** WORK REQUIRED **
Take the entries that follow and return exactly the lines from the one holding "Claudius PLUS roldeurkast" through the one holding "JVL Carpet Car", both included. Nothing else is needed.

** DATA RECORDS **
= = = = =
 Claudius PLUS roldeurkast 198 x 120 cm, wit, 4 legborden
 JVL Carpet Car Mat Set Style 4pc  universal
= = = = =
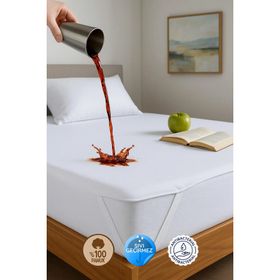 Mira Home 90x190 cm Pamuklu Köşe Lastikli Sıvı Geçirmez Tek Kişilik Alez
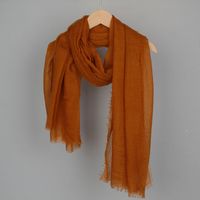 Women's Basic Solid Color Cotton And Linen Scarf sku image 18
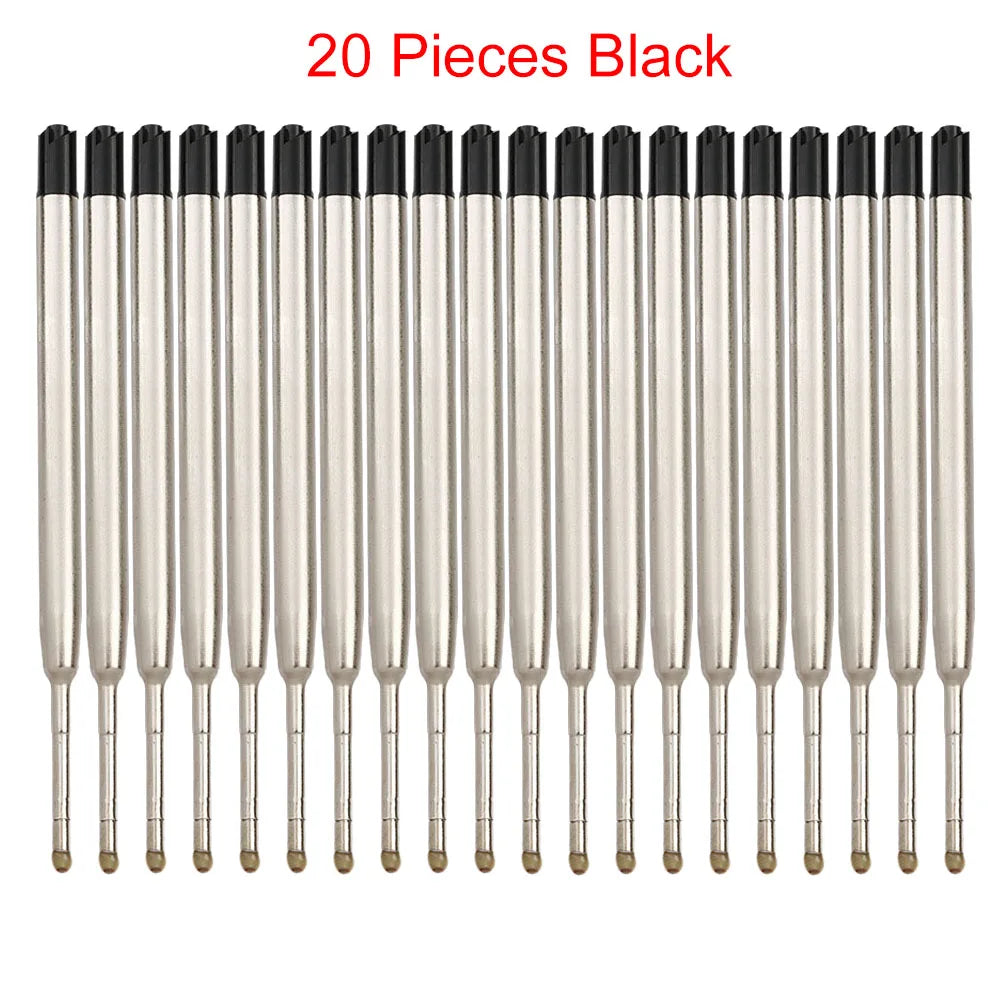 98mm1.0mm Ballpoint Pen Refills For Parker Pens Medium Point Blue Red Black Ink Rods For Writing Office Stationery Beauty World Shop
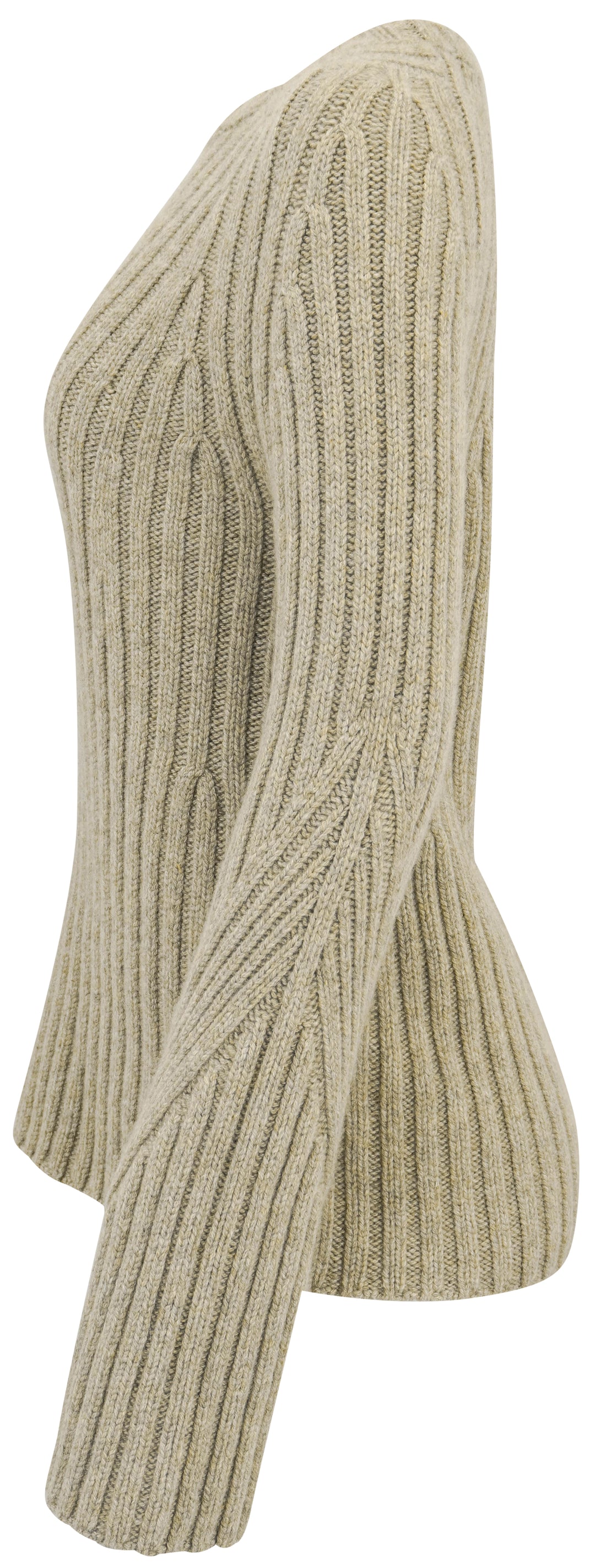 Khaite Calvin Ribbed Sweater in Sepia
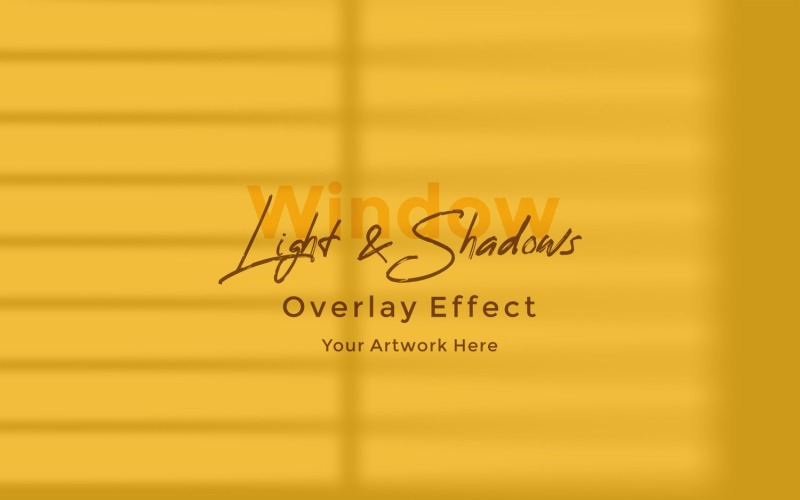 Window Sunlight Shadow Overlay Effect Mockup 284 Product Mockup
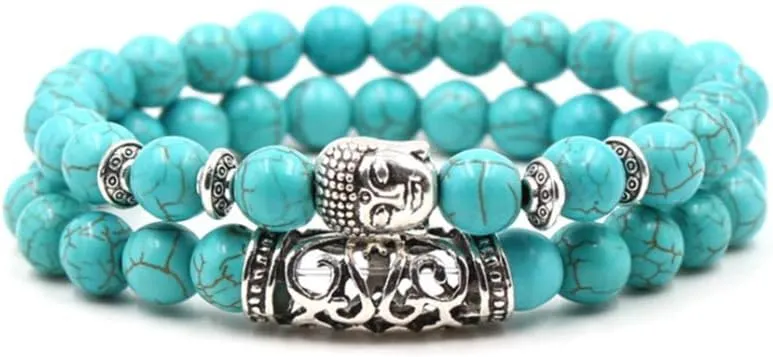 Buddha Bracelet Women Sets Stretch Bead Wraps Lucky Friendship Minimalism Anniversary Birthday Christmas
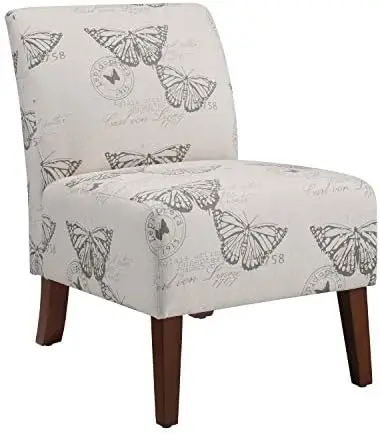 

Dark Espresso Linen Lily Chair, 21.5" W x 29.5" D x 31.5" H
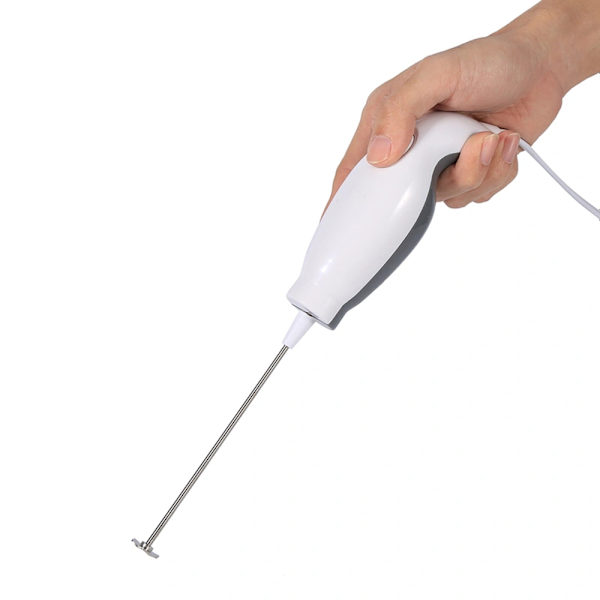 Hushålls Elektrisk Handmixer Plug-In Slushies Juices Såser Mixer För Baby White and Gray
= = = = =
** ANSWER TO THE PROBLEM **
 Claudius PLUS roldeurkast 198 x 120 cm, wit, 4 legborden
 JVL Carpet Car Mat Set Style 4pc  universal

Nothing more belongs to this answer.